Alumna Kim Brooks hosts documentary about Oprah’s academy in South Africa
January 12, 2017
Kim Brooks knows that anything is possible. Now she just needs to convince everyone else.
Brooks (Communication ’05) spreads this message in “O Girls,” a one-hour television special following the journeys of five graduates of the Oprah Winfrey Leadership Academy for Girls in South Africa. The special will air Jan. 15 on the Fusion network, where Brooks is a correspondent and on-air host.
When Brooks came to Northwestern, she thought she would pursue the pre-med track. But as she found herself surrounded by many creative minds, Brooks said she realized she wanted to pursue a career in television.

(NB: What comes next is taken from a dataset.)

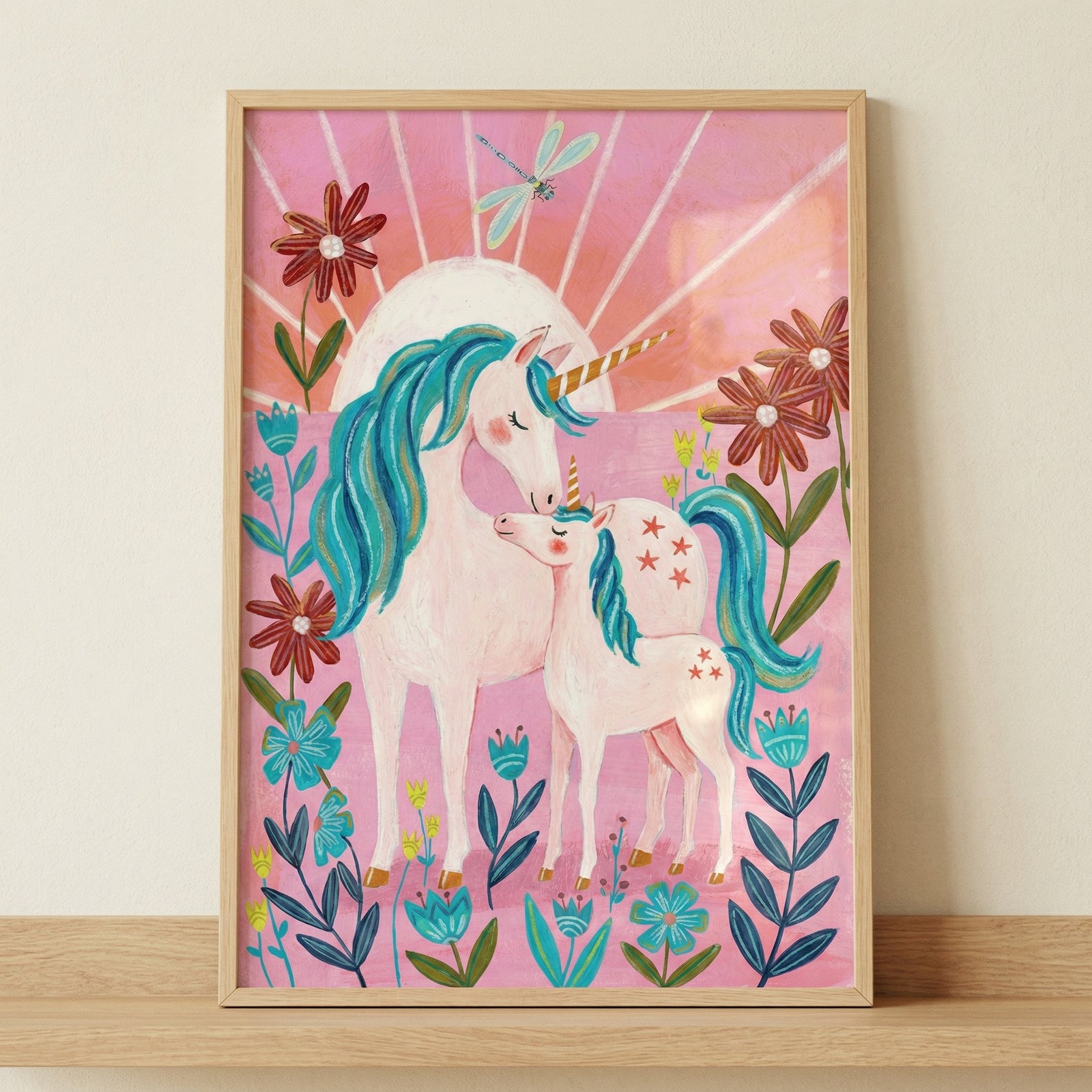 This framed illustration features a whimsical scene of a large white unicorn and its foal standing amidst a field of vibrant, stylized flowers. Both creatures have flowing teal manes and tails, and golden horns. The background is a warm pink, decorated with a bright sunburst and a delicate teal dragonfly. The artwork, with its folk-art-inspired style and playful colors, is displayed in a simple light wood frame resting on a wooden surface against a plain wall.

Communication sciences and disorders Prof. Charles Larson, who taught Brooks and worked with her in a laboratory, said he isn’t surprised she decided to pursue television because she has a bright personality and adventurous spirit.
“She (is) an amazing young woman, very gregarious, always a sparkle in her eyes,” Larson said.
Brooks said she has always set her sights high, and after graduating from college she set her sights high by applying to work for the Oprah Winfrey Show. Brooks landed a job there and stayed for one year, but she said Oprah has remained an important part of her life due to an impulsive decision she made while chatting with Oprah’s makeup artist at the time.
While Brooks with working at the show, Oprah had just opened the leadership academy, and after seeing the documentary about its creation, Brooks said she knew she wanted to be a part of it. With the makeup artist’s encouragement, Brooks wrote Oprah a letter saying she had always envisioned their paths crossing and would love to visit the academy. Brooks didn’t think much of it and doubted there would be a response, she said.
Then Oprah said yes.
“When someone of her stature said yes to this little idea, it immediately made me think that anything was possible in the world,” Brooks said. “It changed my life in that way, just allowing me to know that I can strive as high as my mind will allow.”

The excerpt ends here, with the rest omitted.